- The announced shareholder meeting is a necessary and expected step required by the 2008 agreement between Nestlé and Novartis
- The Alcon Organizational Regulations and Swiss law mandate that directors abstain from voting on matters with respect to which they are conflicted
HUENENBERG, Switzerland, Jun 30, 2010 (BUSINESS WIRE) --
The Alcon Independent Director Committee (the "IDC") notes that the recently announced extraordinary general meeting of Alcon shareholders, to be held August 16th, at which Novartis AG ("Novartis") will put forth five candidates for the Alcon board of directors to replace the five members currently designated by Nestlé SA ("Nestlé"), was mandated under the Purchase and Option Agreement and the Shareholders Agreement entered into by Nestlé and Novartis on April 6, 2008. The shareholder meeting is a necessary and expected step in the consummation of those agreements.
The IDC also highlights that any director of Alcon designated by Novartis would be conflicted and thus barred from voting on Novartis' merger proposal to Alcon's minority shareholders and related items if such merger has not been recommended by the non-conflicted members of the IDC in accordance with Article V, Section V of Alcon's Organizational Regulations.
Thomas G. Plaskett, Chairman of the IDC, said "Any candidate for the Alcon board of directors designated by Novartis would, after his or her election to the board, face an obvious conflict of interest with respect to Novartis' merger proposal to Alcon's minority shareholders.
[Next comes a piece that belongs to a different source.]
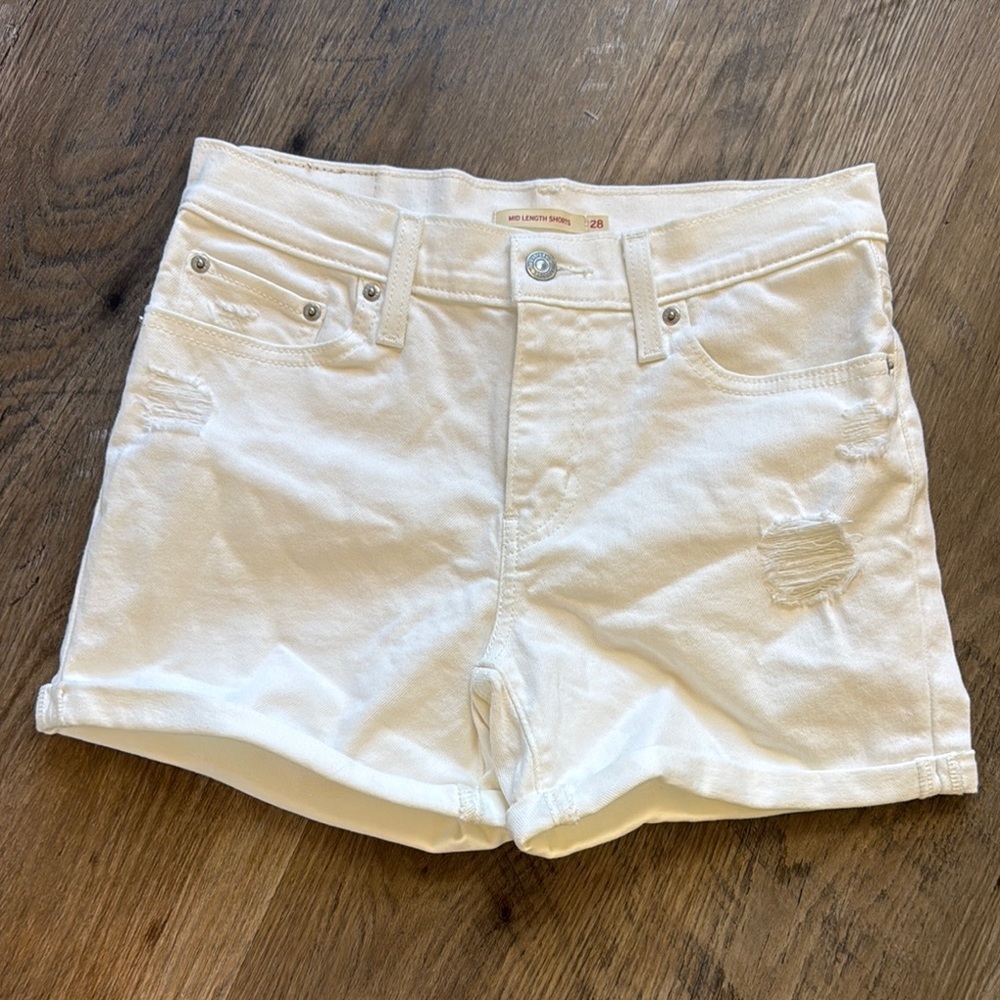 White Levi’s Denim Mid Length Women's Shorts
As Swiss law makes clear, directors must abstain from voting on matters with respect to which they are conflicted. We would absolutely expect any director designated by Novartis and elected to the Alcon board of directors to abstain from any board action with respect to Novartis' merger proposal, just as Nestlé has done for its part. Failure to do so would be a breach of Swiss corporate law, contrary to the principles of good corporate governance and could cause personal civil liability to such director."
Article VIII, Section 1(b)(iii) and Section 3 of Alcon's Organizational Regulations provide that the "designee" of a shareholder to the Alcon board of directors is required to abstain from voting on any matter concerning such shareholder. This provision of Alcon's Organizational Regulations is consistent with Swiss corporate law (in particular, Article 717 of the Swiss Code of Obligations), which requires that interested directors abstain from voting on matters involving a conflict of interest (see also Question 4 of the Frequently Asked Questions published on the IDC's website). This duty of abstention has been confirmed in a recently published judgment by the Swiss Supreme Court, the highest Swiss judicial authority. The judgment supports the view that conflicted directors must abstain from voting on matters with respect to which they are conflicted. A copy of the judgment is available on the IDC's website: http://www.transactioninfo.com/alcon.
Greenhill & Co., Sullivan & Cromwell LLP and Pestalozzi, Zurich, are continuing to act as financial and legal advisors to the IDC.
Alcon, Inc. is the world's leading eye care company, with sales of approximately $6.5 billion in 2009. Alcon, which has been dedicated to the ophthalmic industry for 65 years, researches, develops, manufactures and markets pharmaceuticals, surgical equipment and devices, contacts lens solutions and other vision care products that treat diseases, disorders and other conditions of the eye. Alcon operates in 75 countries and sells products in 180 markets. For more information on Alcon, Inc., visit the Company's website at http://www.alcon.com.
Caution Concerning Forward-Looking Statements. This press release may contain forward-looking statements within the meaning of the United States Private Securities Litigation Reform Act of 1995. Any forward-looking statements reflect the views of the IDC as of the date of this press release with respect to future events and are based on assumptions and subject to risks and uncertainties. Given these uncertainties, you should not place undue reliance on these forward-looking statements. There can be no guarantee that Novartis or Alcon will achieve any particular future financial results or future growth rates or that Novartis or Alcon will be able to realize any potential synergies, strategic benefits or opportunities as a result of the consummation of the Novartis purchase or the proposed merger. Also, there can be no guarantee that the IDC will obtain any particular result. Except to the extent required under the federal securities laws and the rules and regulations promulgated by the Securities and Exchange Commission, we undertake no obligation to publicly update or revise any of these forward-looking statements, whether to reflect new information or future events or circumstances or otherwise.